***** INFORMATION SUPPLIED

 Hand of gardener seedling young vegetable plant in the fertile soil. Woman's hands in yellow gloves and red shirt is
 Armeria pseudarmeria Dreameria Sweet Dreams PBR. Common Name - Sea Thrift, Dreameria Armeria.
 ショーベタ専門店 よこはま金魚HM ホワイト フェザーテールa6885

**********
***** INFORMATION SUPPLIED

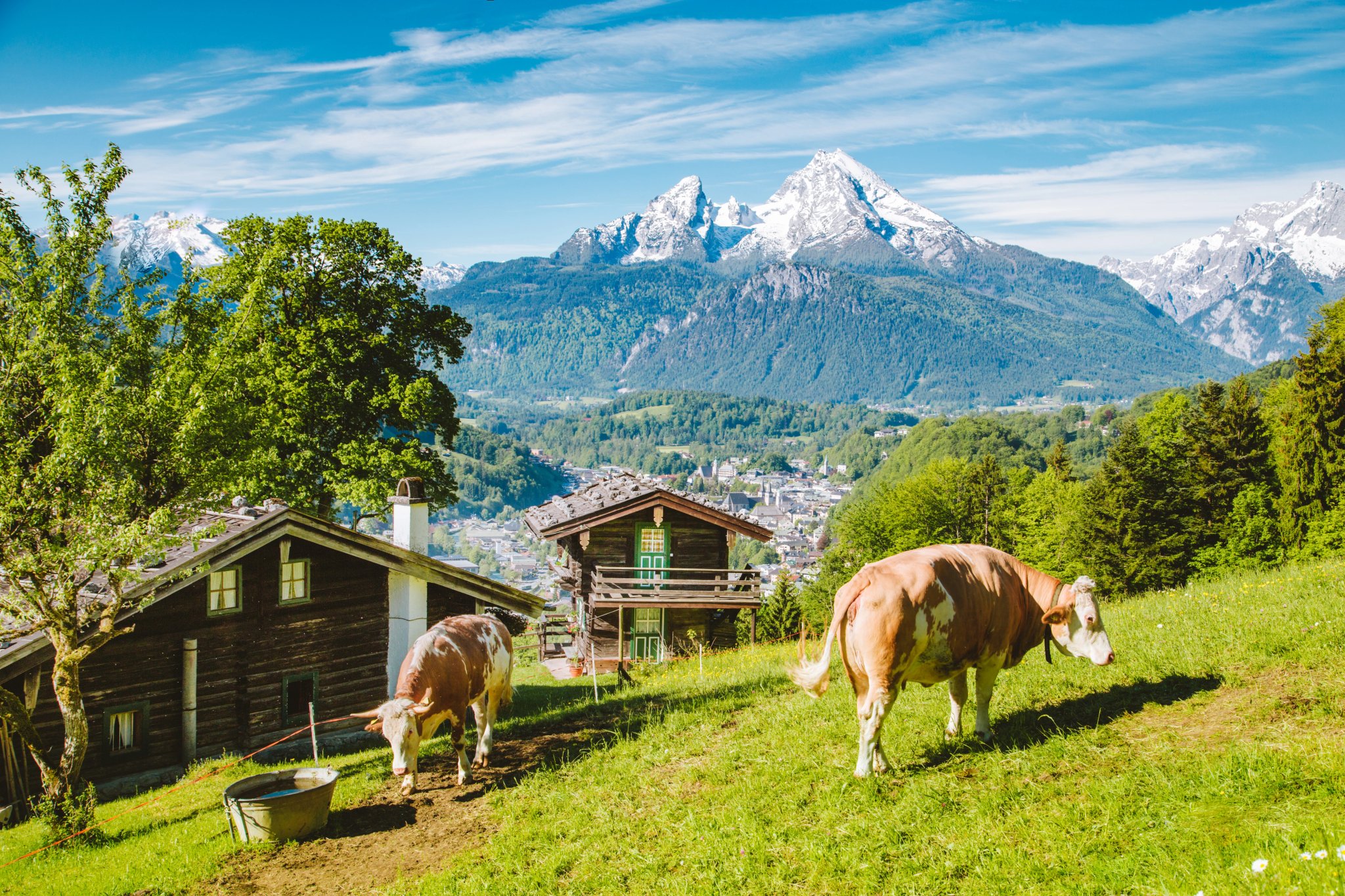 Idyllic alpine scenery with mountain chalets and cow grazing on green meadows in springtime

**********

--- WHAT THE TASK REQUIRES ---
Taking the material above, extract exactly and only the lines from the line with "Hand of gardener" to the line with "ショーベタ専門店 よこはま金魚HM ホワイト フェザーテールa6885", inclusive of both.

--- SOLUTION ---
 Hand of gardener seedling young vegetable plant in the fertile soil. Woman's hands in yellow gloves and red shirt is
 Armeria pseudarmeria Dreameria Sweet Dreams PBR. Common Name - Sea Thrift, Dreameria Armeria.
 ショーベタ専門店 よこはま金魚HM ホワイト フェザーテールa6885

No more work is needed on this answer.